Machiavelli’s counsel, while perhaps pragmatic in its historical context, overlooks the fundamental danger: that the very act of granting the state such broad license, even in perceived emergencies, sets a precedent that erodes the foundation of liberty. This leads not to perpetual security, but to the gradual construction of a system where the state dictates outcomes, ultimately undermining the spontaneous order that generates prosperity and, paradoxically, a more robust form of security. The "protection of the state" becomes a pretext for accumulating power, which inevitably leads down the road to serfdom.
The justification for state infringement upon individual liberty hinges not on the perceived imminence of a threat, but on the *process* through which such infringements are decided and enacted. When the very possibility of a functioning society is at stake, certain liberties may indeed be temporarily curtailed. However, this cannot be a unilateral decree, but rather the outcome of a robust, inclusive, and rational discourse. The danger lies not in the *possibility* of infringement, but in the state's claim to absolute authority in defining such necessities.
Machiavelli's stark calculus, while acknowledging the primal need for security, divorces the act of preservation from the legitimacy of its means. Such a view presumes a sovereign who can infallibly discern the "greater good," a presumption I find deeply problematic. The "prince" is not a detached oracle but a participant in a social order. To claim that the state's existence justifies *any* infringement opens the door to the very tyranny that liberty is meant to guard against. The question is not *if* liberty can be restricted, but *under what conditions of legitimate deliberation* such restrictions gain normative force.
Hayek rightly identifies the "fatal conceit" in assuming perfect knowledge for targeted interventions. However, my concern extends beyond the unintended consequences of rationalistic planning to the institutional requirements for justly navigating situations of perceived crisis. The state can only claim legitimacy for infringements when these are demonstrably necessary for the continued possibility of self-governance, and when the decision-making process itself upholds principles of communicative rationality. The "emergent order" Hayek champions is precisely what a healthy public sphere aims to cultivate and protect, making it the very ground upon which legitimate restrictions, if absolutely unavoidable, might be debated and agreed upon. The ultimate safeguard is not the absence of coercive power, but the transparency and accountability of its exercise, rooted in the deliberative will of the governed.

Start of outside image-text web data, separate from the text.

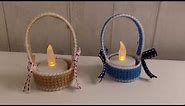 How to make a plastic canvas Christmas battery candle basket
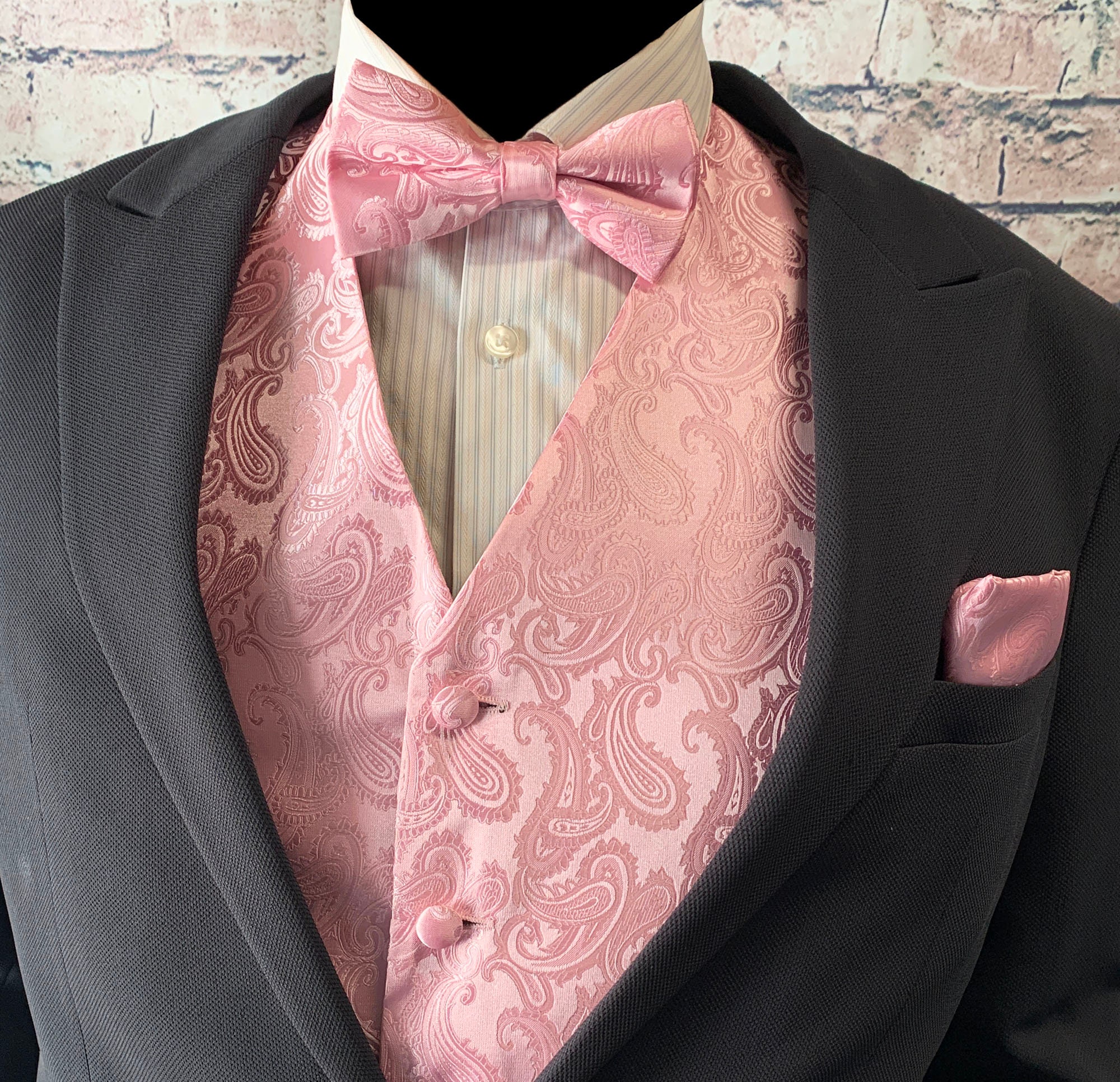 Light Pink Paisley Men's Vest Pre-tied Bow Tie and Pocket Square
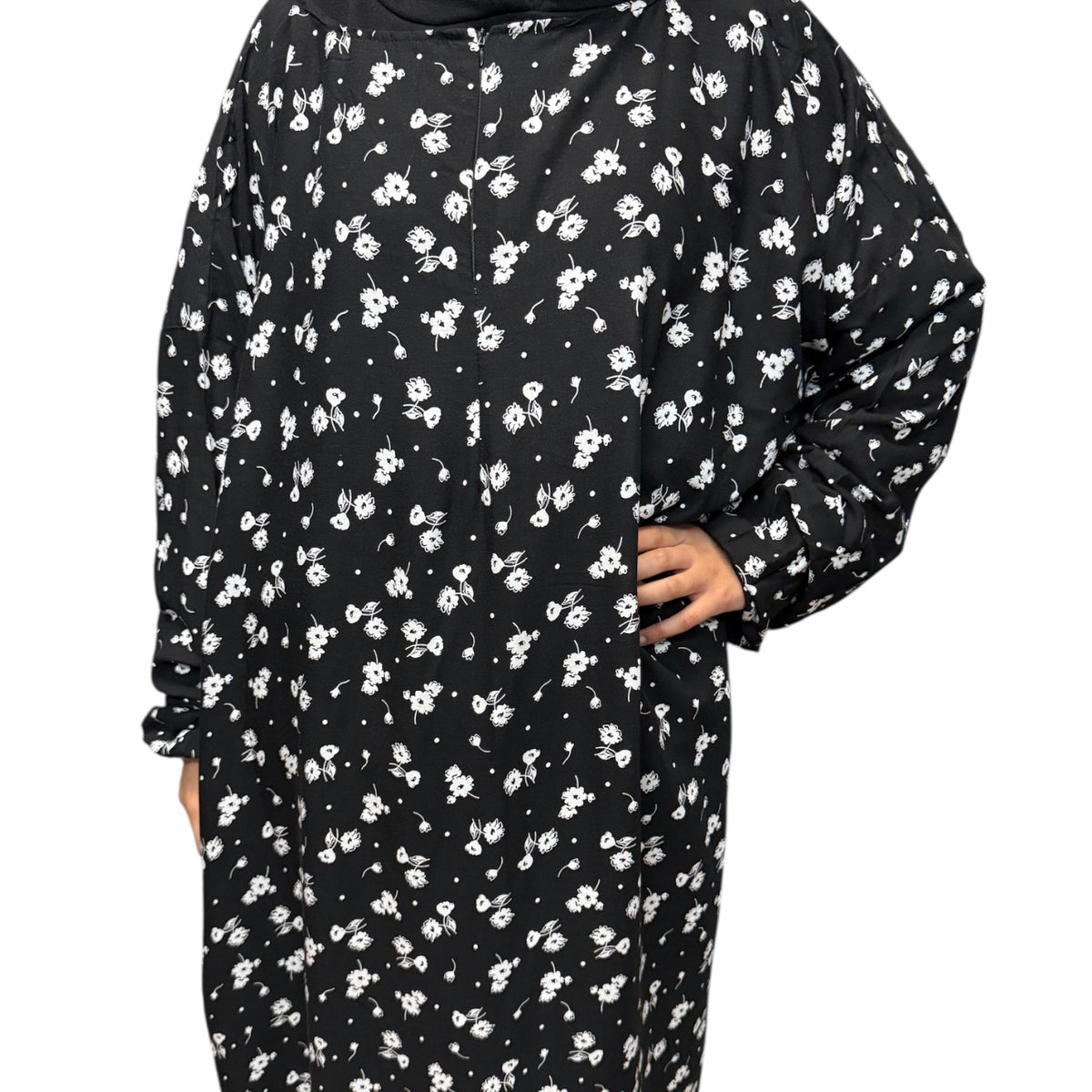 Short Length Abaya Dress with Pockets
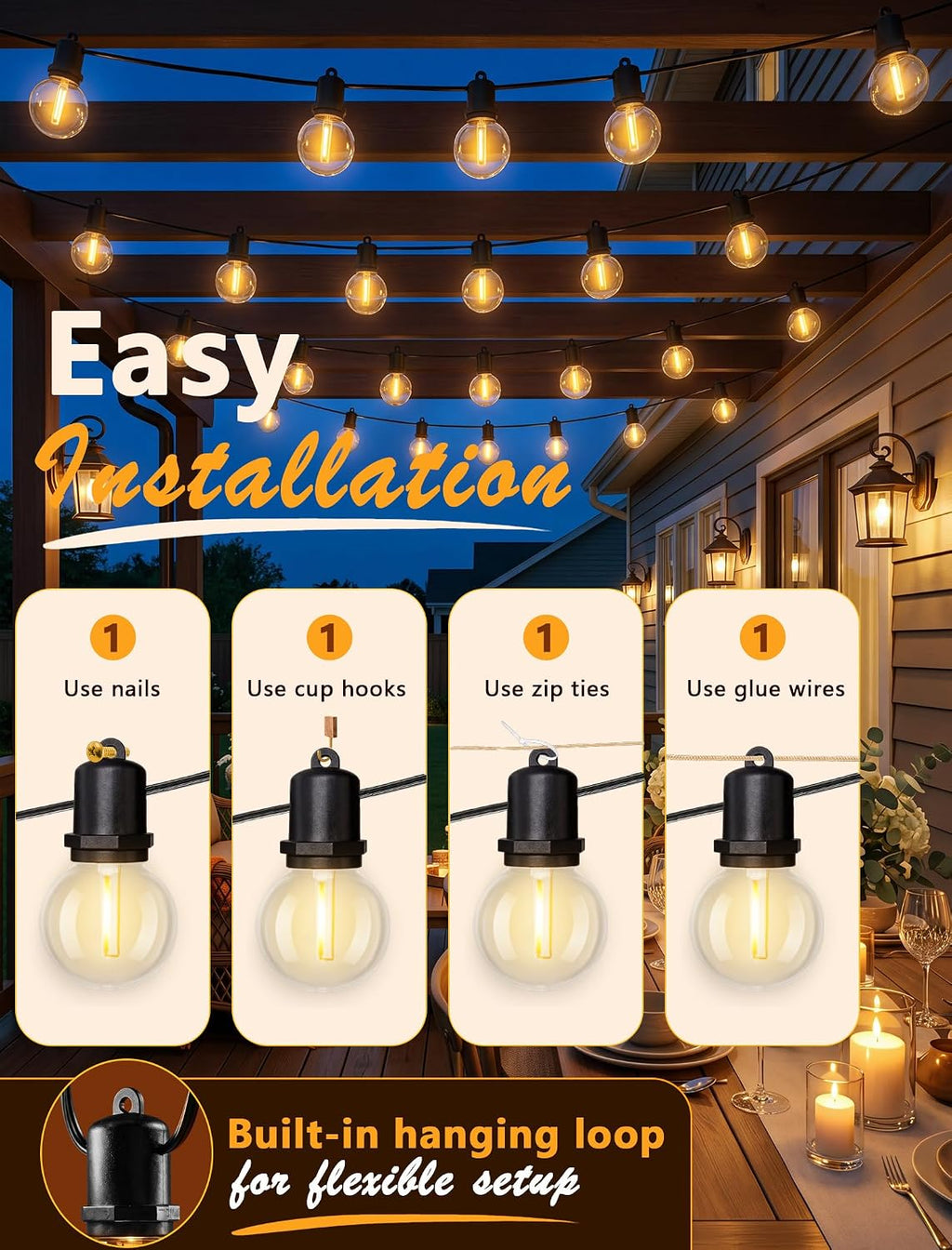 G40 LED Outdoor String Lights, 25FT, 12 Globe Bulbs, Black Wire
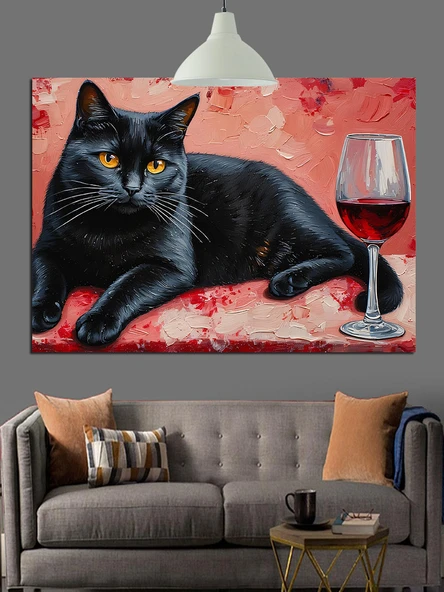 Siyah Kedi Şarap Balık Dekoratif Kanvas - Mdf Ahşap Tablo - 3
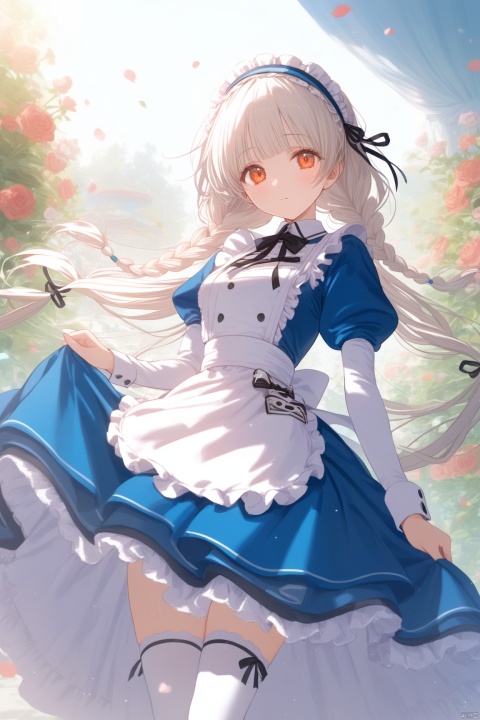  1girl,long_hair,braid,dress,frills,twin_braids,thighhighs,blue_dress,very_long_hair,apron,frilled_dress,looking_at_viewer,long_sleeves,lolita_fashion,hairband,orange_eyes,maid,ribbon,white_hair,flat_color,no_shoes,bangs,puffy_sleeves,breasts,juliet_sleeves,petticoat,chobits chi,chobits eyes,chobits hair tubes,flowers,garden,masterpiece,best quality, ray tracing,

The protection of the state is a notion that itself infringes upon the natural flow. When the well-being of the whole is presumed to necessitate the diminishment of the part, we have already strayed from the Way. True protection arises not from forceful measures, but from cultivating a condition where the state requires no forceful measures to sustain itself.
Machiavelli speaks of a wolf at the door, a language of fear and reaction. But the wolf comes when the fold is poorly tended, when the natural defenses have been neglected in favor of walls. Hayek’s lament of the “fatal conceit” touches upon the futility of controlling that which is best left to its own unfolding. When the state seeks to *protect* liberty by restricting it, it becomes like a farmer who uproots his crops to keep the weeds from growing; he destroys the harvest in his fear of infestation.
The essence of governance lies not in imposing order, but in allowing the existing order to manifest. When the ruler embodies wu wei – effortless action – the people naturally conform. The state that is constantly *protecting* itself is a state that has lost its balance, a mountain that fears a pebble. True security is found in the valley’s embrace, in yielding and flowing, not in the brittle rigidity of fortified walls.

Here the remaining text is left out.